*Task to complete*. Starting at the line with "in silber oder", retype every line through the end of the listing exactly as written, and nothing before it.

*Recorded information*.

%%

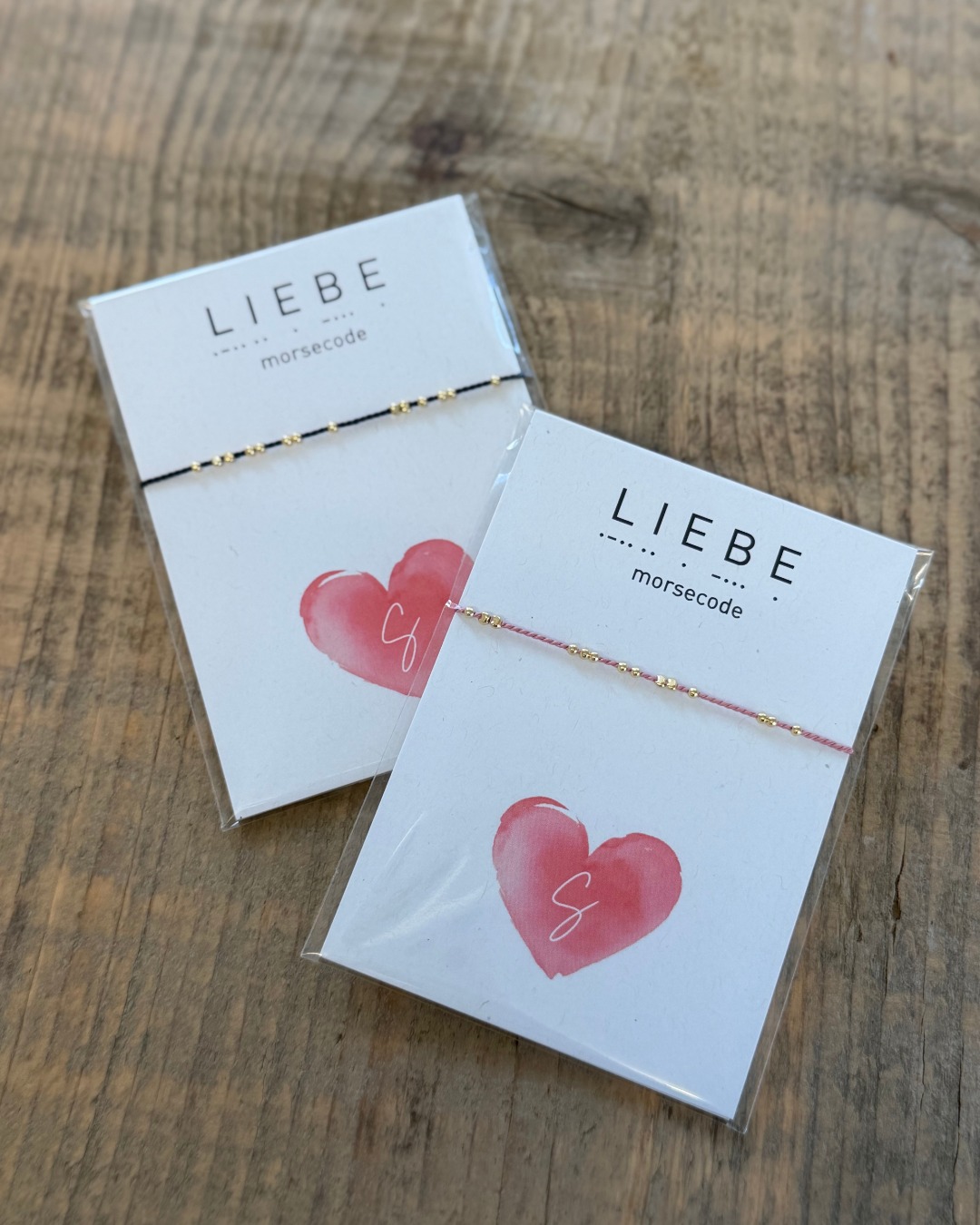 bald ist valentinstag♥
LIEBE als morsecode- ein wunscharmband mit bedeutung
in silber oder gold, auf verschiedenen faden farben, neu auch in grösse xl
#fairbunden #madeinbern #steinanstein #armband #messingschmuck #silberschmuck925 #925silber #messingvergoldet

%%

*Task response*.
in silber oder gold, auf verschiedenen faden farben, neu auch in grösse xl
#fairbunden #madeinbern #steinanstein #armband #messingschmuck #silberschmuck925 #925silber #messingvergoldet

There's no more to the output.